Two of my pet-peeve urban myths.

The latter myth was “illustrated” by a CBC story about a Jeopardy category involving Canadian cities in which the American contestants got not one answer correct. I'm skeptical about this proving anything; the clues were pretty abstruse: "An intersection in this provincial capital is the original western terminus of the Trans-Canada Highway." I would have said “Vancouver?” and I would have been wrong—it's Victoria. I guess I was blind-sided by the “highway” word so that I missed the “provincial capital” phrase. 

Highways don't generally cross features like the Strait of Juan de Fuca.

Another question asked for the name of a Canadian city whose inhabitants were called “Moose Javians,” and I wondered how many Canadians would have known the answer. Another depended on your knowledge of Shakespeare and his city—Stratford upon Avon—to come up with Stratford, Ontario which is also located on a River Avon.
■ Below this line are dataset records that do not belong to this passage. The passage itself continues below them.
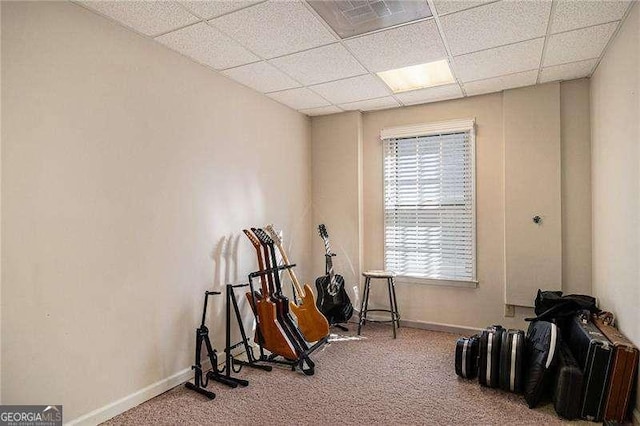 miscellaneous room with carpet floors, a paneled ceiling, and baseboards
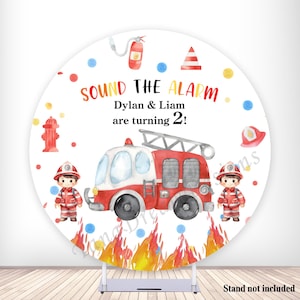 May include: A round backdrop with a watercolor design featuring a red and white fire truck, two cartoon firefighters, and the text "SOUND THE ALARM Dylan & Liam are turning 2!". The backdrop includes fire flames and fire-related illustrations.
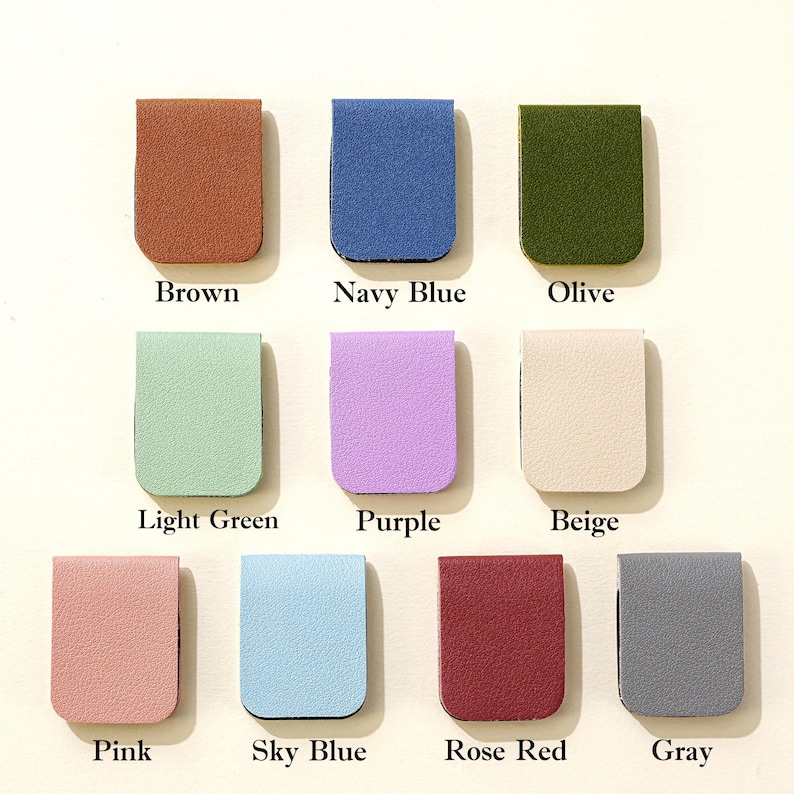 Puede incluir: Una colecci&oacute;n de diez marcadores de p&aacute;gina rectangulares de cuero en varios colores, incluyendo marr&oacute;n, azul marino, oliva, verde claro, morado, beige, rosa, azul cielo, rojo rosa y gris. Cada marcador tiene el nombre del color impreso debajo.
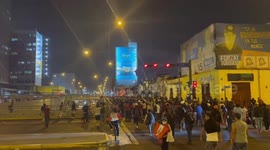 Protesters march along Lima’s Av Miguel Grau as police attempt to control them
The myth of American congenital ignorance about Canada came up in one of my adult ed classes. I countered it by asking them questions about the USA: “If you drove straight south into the USA from Westlock (where the class was), which state would you be in?” Nobody knew. I could have countered with “It would be Montana, and what is the capital city of Montana?” I wonder how many Canadians know that it's Helena.

It's pretty easy to show that Americans ignorance about Canada is equalled—and possibly exceeded—by Canadians lack of knowledge about the USA.

As regards the myth about Quebecois pretending to be French-only, I'd remind people that the majority of English Canada is also uni-lingual. I live across the river from St. Isidore de Bellevue, a French-speaking village, and I'm totally incapable of conversing with them in their language. Am I pretending when they come through Rosthern and ask me for directions in French?

Such myths encourage stereotyping, and stereotyping is one of the scourges of our age. In police forces, it results in profiling so that the majority of people stopped for questioning in the street by the police are black or aboriginal young men. In the general public, it restricts individuals in minorities from involvement in the affairs of the community; if one is stereotyped, profiled, judgements are made about you by people who don't even know you. You're pre-judged, the origin of our word, prejudice.

To sum up: the range of ignorance/knowledge among Americans is very similar to that of Canadians, and French Canadians who can't help me out in the English language are no different from me, who can't be helpful to them in French.

Shame on the CBC for reprofiling Americans on the basis of one category in one Jeopardy episode.